Serge Coosemans

Yo à Bozar: appropriation culturelle ou putain de job d’été?

Serge Coosemans Chroniqueur

Serge Coosemans n’aime pas plus le hip-hop que l’huile de foie de morue, c’est comme ça. Il ne lui viendrait malgré tout jamais à l’esprit de lui nier sa place de mouvement culturel global, durable et de premier ordre. Qui peut donc s’étudier à l’université et s’inviter dans les musées. Le hic, c’est que ce n’est pas l’avis de tout le monde. Choux rouges, rap game et questions d’un autre âge, c’est le Crash Test S02E37.

Quand je dis que je n’aime pas le rap, tout un tas de gens essaye toujours de me persuader que j’ai tort et tout un tas d’autres que je suis devenu très ringard. C’est étonnant, je trouve. Ne pas aimer le rap passe systématiquement pour raciste, obtus, réac, en tous les cas suspect, alors que se foutre du métal, conchier le zouk, clamer que « le disco, c’est pédé », détester « la musique boumboum des didjizzes » ou encore le reggae « parce que c’est toujours la même chose » reste socialement davantage accepté. Ne parlons même pas de chanson française, c’est presque un devoir moral de la détester. Je ne suis pas Éric Zemmour, pourtant. Lui n’aime pas le rap parce qu’il considère que c’est de la musique dégénérée faite par des dégénérés pour des dégénérés (kikou, Goebbels). Moi, je n’aime pas le rap comme je n’aime pas les brocolis, le foie de veau, l’huile de foie de morue, les choux rouges, le nasi goreng ou tiens, justement, le métal. Je n’aime pas Donald Trump, Theresa May, la NVA et le FN pour des raisons précises. Je peux l’expliquer. Par contre, je n’aime pas le foie de veau, le rap et le métal parce que c’est comme ça et puis c’est tout. Ça ne fait pas de moi un hater, un cas social, un nazi. Je ne vois même pas pourquoi je devrais me justifier. Ce n’est rien de plus qu’une question de goût. De plus, j’ai beau me foutre pour ainsi dire complètement du hip-hop, à une vingtaine d’albums près, il ne me viendrait malgré tout jamais à l’esprit de lui nier sa place de mouvement culturel global, durable et de premier ordre. Qui peut donc s’étudier à l’université et s’inviter dans les musées. D’où un certain étonnement de ma part quand suite à un article d’Elisabeth Debourse dans un récent Paris Match sur l’expo Yo à Bozar, certains habitués des réseaux sociaux se sont mis à très sérieusement polémiquer autour d’une question posée dans le papier qui me semble pourtant vraiment issue d’un autre âge, à savoir: « Les cultures urbaines sont-elles faites pour être affichées en galerie? »
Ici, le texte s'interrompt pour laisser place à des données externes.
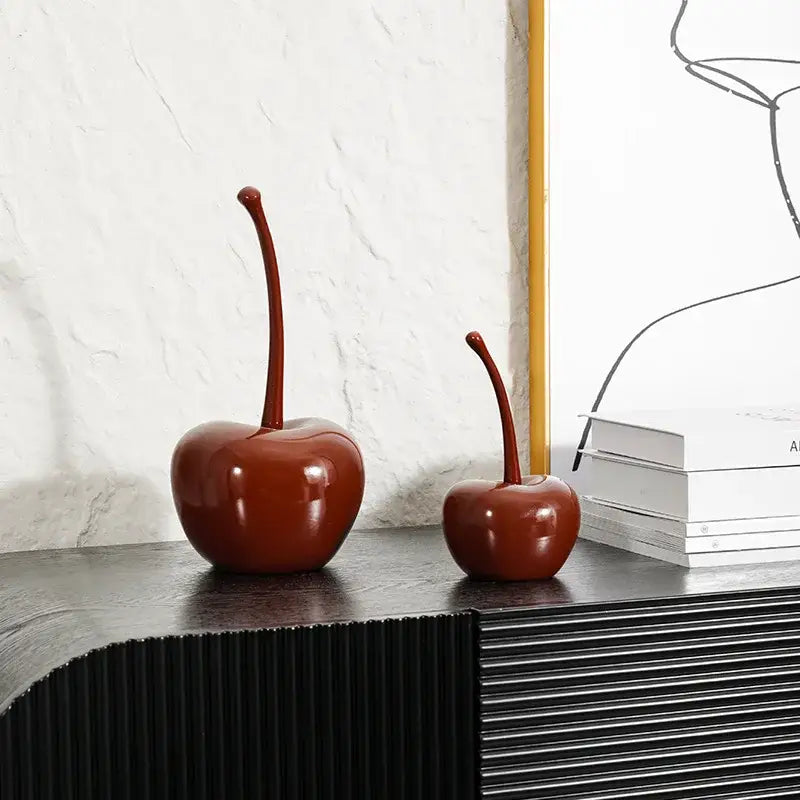 Two glossy deep red chic red cherries resin ornaments from decorbites sit on a dark surface for home decor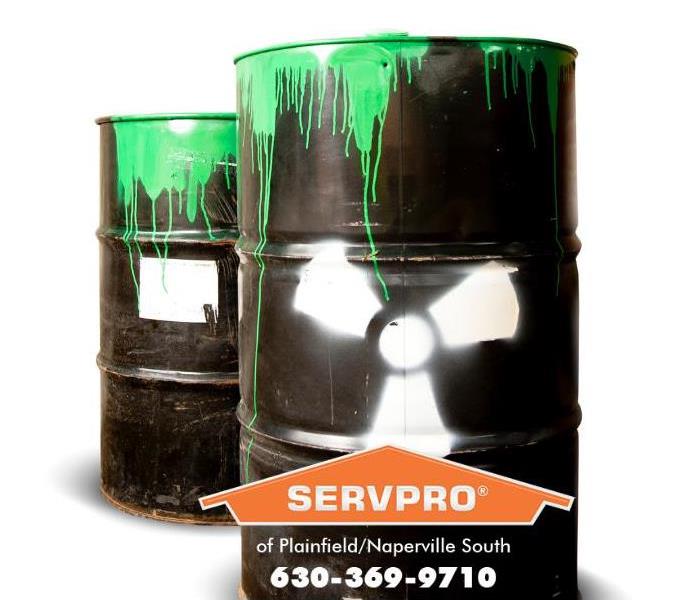 Two large toxic waste containers are shown with green fluid spilling down the side.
C’est bien simple, je ne comprends même pas comment, au XXIe siècle, on peut encore se poser cette question. On parle d’un mouvement majeur là depuis plus de 35 ans, 50 si on compte les Last Poets; pas de quelque chose de faiblard et volatil qui risquerait vite de se dénaturer dès qu’officialisé par les institutions. Sans même vouloir jouer la carte de la provocation, j’oserais même dire que les « cultures urbaines » relèvent assez souvent d’une forme d’art brut et s’inscrivent donc dans une certaine tradition. Qu’elles entrent « au musée » est dès lors tout à fait logique. Et bien meilleur pour leur « santé artistique » que d’être cooptées par MTV, les radios commerciales et les majors de l’industrie musicale. La commercialisation, le mainstream, pèsent bien davantage sur la qualité du game qu’une soi-disant reconnaissance officielle. Dans l’histoire du hip-hop, y compris local et underground, je n’ai d’ailleurs pas l’impression qu’un partenariat à durée déterminée avec une institution de type Bozar soit vraiment une étape importante de son histoire. Certes, le Bozar reste un lieu toujours symbolique de l’establishment mais ça fait maintenant une bonne quinzaine d’années que l’institution culturelle s’est « désacralisée » et s’est ouverte aux cultures réellement contemporaines. Je ne pense donc pas qu’une expo hip-hop de juillet à septembre 2017 puisse encore être perçue comme une remise de médaille, une reconnaissance officielle, un big up franc-maçon aux sauvageons du district dix-trente. C’est juste un putain de job d’été.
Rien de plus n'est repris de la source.